Now the Boomers’ wealth-effect consumption has stopped, cold. The world economy may well take decades to recover from the sudden removal of this demand. Whatever the effect of the Ponzi-collapse on the world economy, the effect on the Boomers themselves has been shattering. For many it has shaken their entire economic foundation, and many people are realizing that their dreams of retirement have vanished – they may not be able to retire, ever!
The Future of the Boomers – the Bust Generation
No matter what happens in the economy, Boomers will need to live and will have the political influence to impel other generations into supporting them, in some way or another. Boomers are aging, and that means they’ll need ever increasing health care. This is an interesting paradox for Boomers and the entire country.

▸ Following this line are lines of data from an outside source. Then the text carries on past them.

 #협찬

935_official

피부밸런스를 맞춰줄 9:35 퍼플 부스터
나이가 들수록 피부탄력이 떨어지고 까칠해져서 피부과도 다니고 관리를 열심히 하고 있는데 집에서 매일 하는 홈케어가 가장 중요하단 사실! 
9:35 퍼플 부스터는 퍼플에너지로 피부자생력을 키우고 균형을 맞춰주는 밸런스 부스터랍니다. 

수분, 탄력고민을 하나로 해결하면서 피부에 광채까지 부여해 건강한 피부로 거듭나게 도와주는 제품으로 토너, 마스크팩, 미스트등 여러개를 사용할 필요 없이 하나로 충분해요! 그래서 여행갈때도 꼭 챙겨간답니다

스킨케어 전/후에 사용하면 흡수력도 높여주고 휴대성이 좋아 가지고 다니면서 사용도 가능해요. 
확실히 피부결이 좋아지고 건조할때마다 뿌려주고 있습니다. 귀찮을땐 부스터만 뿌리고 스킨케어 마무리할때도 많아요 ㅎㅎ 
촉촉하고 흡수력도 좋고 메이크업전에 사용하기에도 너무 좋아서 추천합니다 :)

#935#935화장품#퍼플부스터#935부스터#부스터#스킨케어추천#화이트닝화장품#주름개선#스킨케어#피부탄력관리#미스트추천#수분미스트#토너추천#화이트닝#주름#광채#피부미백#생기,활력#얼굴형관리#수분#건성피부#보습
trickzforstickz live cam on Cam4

The common assumption is that aging Boomers will cause the health care system to expand and there will be lots of money to be made. The reality is that Boomers may drive up the demand but have few resources to pay for all this demand. Where is the money going to come from, especially when governments are already running huge deficits that will have to be repaid by the younger generations? How can the advanced economies governments take on ever more entitlements in a time of decreasing tax revenues and spiraling deficits. Something will have to give, and it will.
Many Boomers are relying on pensions and government Social Security programs. They face longer life spans, but this also comes with increased costs in later life. They will be collecting, not contributing. And why shouldn’t they – they built the economy and they feel they deserve to bask in their twilight. Unfortunately, the economic realities are very different from the way it should be.

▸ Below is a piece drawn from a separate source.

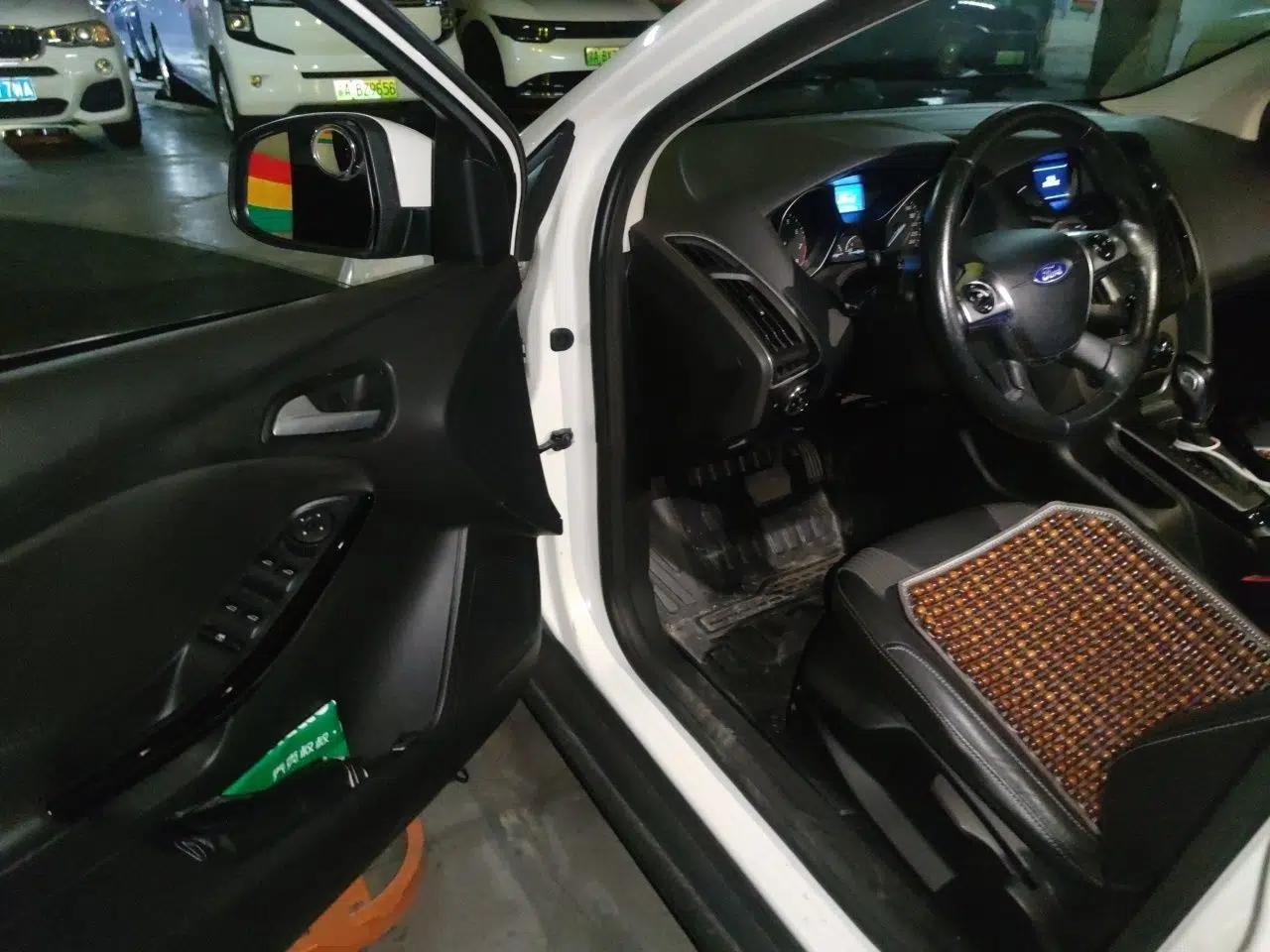 Ford Focus 2012 Sedan 1.6L Automatic Fashion Edition — миниатюра 16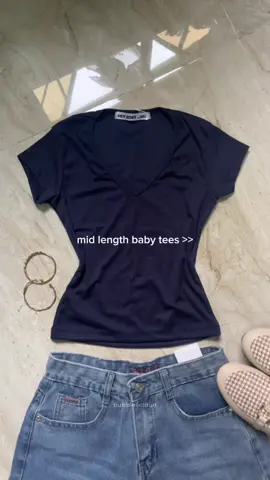 this navy blue top💙💙 #top #navyblue #babytee #babytees #womenswear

The Boomer’s demand has been severely curtailed, much earlier than many of them expected. With 401K’s and home equity gone, with pensions suspect and Social Security a ticking time bomb, Boomers are cutting back. A natural part of aging – the desire to simplify, has been brought front and center into the Boomer’s consciousness. They realize their jeopardy and they are reacting. The transformation is not an unnatural one. Aging people naturally want less and less to take care of. Less yard work, less responsibility, fewer consumer goods, less gadgets, more simplified lives. This is a normal part of aging for most people. We have seen it happen in all generations as they age. Retirement villages will grow or families will go back to multi generational configurations like in past generations and in many other countries.
What Does It Mean for the Economy of Tomorrow?
The trend for the Boomer’s economic tide is clear – it’s going out. The trend of the underlying economic math is also clear – it doesn’t work. When economists build their projections for future growth assuming trendlines will move as they have in the past, they risk missing this important generational wave. The Boomer bubble will not be reflated; our nation’s current economic policies are pushing on a string. The assumptions of economists and policy makers will almost certainly prove to be too optimistic. As in other things that need ‘fixing’ in the global ecomony, the fixes will have to come, bottom up, from the next generation and from Boomers working from a new foundation with an entirely new set of assumptions. The future is not going to look or act like the recent past because the Boomers are now bust. Now we must deal with the consequences.